We kept exploring how deep the rabbit hole is and after several meetings, the project got split in three phases. The first phase being the Admin Dashboard, the second and third phase dealing with users and reports.
It was a difficult question without a clear answer so inspiration was necessary. After another meeting with the client a lightning bolt struck. The scientists offered our small team of engineers and myself to complete an MBI. This is where the hook was and it was glorious.
The Maslach Burnout Inventory (MBI) is an introspective psychological inventory consisting of items pertaining to occupational burnout.
Once I completed the MBI, the results were surprising. I was getting close to a burnout. Finally, I was able to understand the importance of surveys.
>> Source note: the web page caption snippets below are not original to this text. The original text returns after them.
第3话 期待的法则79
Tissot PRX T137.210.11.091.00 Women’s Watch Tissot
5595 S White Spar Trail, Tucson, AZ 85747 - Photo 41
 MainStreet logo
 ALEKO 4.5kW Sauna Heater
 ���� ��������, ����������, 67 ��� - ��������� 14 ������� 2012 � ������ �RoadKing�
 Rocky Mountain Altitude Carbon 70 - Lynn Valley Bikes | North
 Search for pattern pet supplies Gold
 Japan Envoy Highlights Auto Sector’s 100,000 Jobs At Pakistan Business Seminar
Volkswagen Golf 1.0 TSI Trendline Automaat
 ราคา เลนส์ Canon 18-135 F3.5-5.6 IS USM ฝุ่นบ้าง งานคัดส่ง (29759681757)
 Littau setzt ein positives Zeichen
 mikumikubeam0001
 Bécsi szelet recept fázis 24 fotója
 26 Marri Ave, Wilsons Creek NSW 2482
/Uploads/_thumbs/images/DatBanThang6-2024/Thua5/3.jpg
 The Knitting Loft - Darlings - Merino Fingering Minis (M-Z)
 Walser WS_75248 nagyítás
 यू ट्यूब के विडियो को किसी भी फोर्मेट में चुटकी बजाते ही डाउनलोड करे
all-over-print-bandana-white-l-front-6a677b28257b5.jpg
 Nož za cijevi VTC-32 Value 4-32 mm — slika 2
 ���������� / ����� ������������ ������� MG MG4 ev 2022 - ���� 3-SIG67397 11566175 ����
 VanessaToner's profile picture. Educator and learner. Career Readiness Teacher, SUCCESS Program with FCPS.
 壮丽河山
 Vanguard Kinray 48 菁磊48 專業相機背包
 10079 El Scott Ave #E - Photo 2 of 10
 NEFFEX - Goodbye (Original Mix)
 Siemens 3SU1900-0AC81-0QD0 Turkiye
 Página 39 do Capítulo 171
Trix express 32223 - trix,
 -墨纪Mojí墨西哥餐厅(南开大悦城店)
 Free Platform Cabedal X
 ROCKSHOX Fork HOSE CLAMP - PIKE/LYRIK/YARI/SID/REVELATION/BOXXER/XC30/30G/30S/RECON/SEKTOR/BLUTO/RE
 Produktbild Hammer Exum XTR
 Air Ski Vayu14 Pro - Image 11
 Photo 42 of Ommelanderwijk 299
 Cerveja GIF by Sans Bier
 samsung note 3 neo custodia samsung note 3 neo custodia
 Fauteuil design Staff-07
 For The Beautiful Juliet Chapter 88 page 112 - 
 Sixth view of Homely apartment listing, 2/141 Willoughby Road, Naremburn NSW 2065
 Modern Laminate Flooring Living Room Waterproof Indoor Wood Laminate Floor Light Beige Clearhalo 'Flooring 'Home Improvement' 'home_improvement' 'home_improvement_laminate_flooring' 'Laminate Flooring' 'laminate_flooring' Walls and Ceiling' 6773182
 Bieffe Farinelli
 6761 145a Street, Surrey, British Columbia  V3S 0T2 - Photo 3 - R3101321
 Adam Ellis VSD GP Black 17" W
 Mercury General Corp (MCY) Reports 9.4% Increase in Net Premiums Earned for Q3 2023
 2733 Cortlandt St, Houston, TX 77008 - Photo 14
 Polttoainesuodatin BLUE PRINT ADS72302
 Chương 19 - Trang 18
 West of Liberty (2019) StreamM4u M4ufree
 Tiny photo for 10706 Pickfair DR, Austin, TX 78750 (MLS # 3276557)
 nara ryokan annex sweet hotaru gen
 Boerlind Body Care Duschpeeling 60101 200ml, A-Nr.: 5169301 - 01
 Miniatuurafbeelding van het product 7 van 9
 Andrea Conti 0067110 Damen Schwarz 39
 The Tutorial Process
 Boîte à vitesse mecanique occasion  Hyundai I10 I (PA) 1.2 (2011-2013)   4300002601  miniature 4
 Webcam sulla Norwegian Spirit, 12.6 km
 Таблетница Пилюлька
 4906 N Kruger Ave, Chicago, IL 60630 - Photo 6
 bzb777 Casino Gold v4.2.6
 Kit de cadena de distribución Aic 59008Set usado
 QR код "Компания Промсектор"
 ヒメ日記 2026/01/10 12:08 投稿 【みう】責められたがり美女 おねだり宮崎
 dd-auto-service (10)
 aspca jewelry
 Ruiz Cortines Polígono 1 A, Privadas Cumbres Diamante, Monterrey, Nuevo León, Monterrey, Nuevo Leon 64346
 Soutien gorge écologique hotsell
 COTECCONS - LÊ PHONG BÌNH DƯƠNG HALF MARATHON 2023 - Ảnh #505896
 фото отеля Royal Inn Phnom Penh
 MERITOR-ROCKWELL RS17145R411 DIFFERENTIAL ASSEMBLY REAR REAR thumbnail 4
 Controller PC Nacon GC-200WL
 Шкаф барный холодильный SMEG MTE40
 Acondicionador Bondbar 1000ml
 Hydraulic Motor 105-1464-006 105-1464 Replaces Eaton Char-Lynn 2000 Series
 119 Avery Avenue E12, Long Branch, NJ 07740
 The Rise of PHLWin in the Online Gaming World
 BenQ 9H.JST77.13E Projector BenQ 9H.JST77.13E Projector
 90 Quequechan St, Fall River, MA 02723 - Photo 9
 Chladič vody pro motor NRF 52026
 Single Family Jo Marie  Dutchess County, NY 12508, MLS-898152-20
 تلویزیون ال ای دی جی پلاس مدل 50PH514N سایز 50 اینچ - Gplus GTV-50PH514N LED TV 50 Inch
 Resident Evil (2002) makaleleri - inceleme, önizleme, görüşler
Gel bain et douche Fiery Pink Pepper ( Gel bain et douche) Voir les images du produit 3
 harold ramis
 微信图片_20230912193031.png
People need to complete these and become aware of their Emotional Exhaustion, Depersonalization and Personal Accomplishment scores. This was educational, emotional and eye opening.
Time to do the work!
Break down the Survey Administrator goals and app’s dashboard functionality into user workflows. These visual diagrams help us to identify navigation, interaction, categories, patterns, and discrepancies in how the app will work versus how it should work.
1 The user has a simple navigation. He can go between surveys, reports or profile.
2 The user can view all his surveys as a list view or card view. Each survey has a title, status of activity and date.
3 The user can create a new survey. Needs to be focused. Maybe modal? Maybe a new page?
4 The user needs to define the title, exp. window, set a group and category.
5 The user now can add questions to the survey. He can also save a draft and live edit.
6 The user can define two types of survey questions. Multiple choice and a slider.
The goal was to simplify the number of actions taken during the survey creation process. We also included ideas like Card Views, Archives, Templates and Drafts.
The scientists already had a general idea of what was important. After couple meetings we created the UserFlow Diagram above.
As a designer you always want to enhance the experience but it was important to follow the MVP outline. Reports and Templates ended up in Phase Three and Survey Archive got in the Backlog with intentions of adding it back on the roadmap.
Simple, clean and something fitting the Enso name.
In Zen, ensō (円相 , “circle”) is a circle that is hand-drawn in one or two uninhibited brushstrokes to express a moment when the mind is free to let the body create.
The logo was born out of Montserrat font family.
Because the navigation contained only two options: Surveys and Reports, a vertical option was out of question. Keep it simple. The other important thing was not to spend a lot of time sketching and developing detailed high fidelity wireframes.
The focus was on the content hierarchy, how the Surveys look, and feel and how the admin interacts with them.
Considering the client’s requests, it was only logical for the UI to take the front seat. Visual consistency was important because it would guide the user during the survey creation flow.
The client did not want to look like other flat designed dashboards nor use material design. , I was able to create something in the middle that looks modern but at the same time respects the old gods of design. Minimal information, clean presentation, shadows, and colors would help the admin figure out how to use the application.
Building out a survey is done through two steps. First step would be a New Survey window where the user defines the title, expiration windows, user groups and the survey category.
Once the user creates a survey he can add question types and answers to these question types. The user can edit questions, define the rules and data points, activate different scoring methods and color gradients. This allows them to build a highly-detailed survey which would prove useful inside reports. Scientists love their data.
The user is also able to save the survey as a draft. This way administrators won’t feel a high pressure in completing every survey.
It needed to be simple. I started experimenting with the card layout and list layout. Which one was better?
I found out that some love information presented in a clean way while others loved an old school way of viewing data as lists. Because of that, we included both views.
The idea was to have a survey overview, their status, and date of creation or last update. Each card is clickable and leads to its details page where the user can continue building out or edit the survey.
After a couple weeks of work, meetings, design iterations, more meetings, presentations and with the help of the amazing coshx developers the enso admin dashboard was released internally for usage and testing.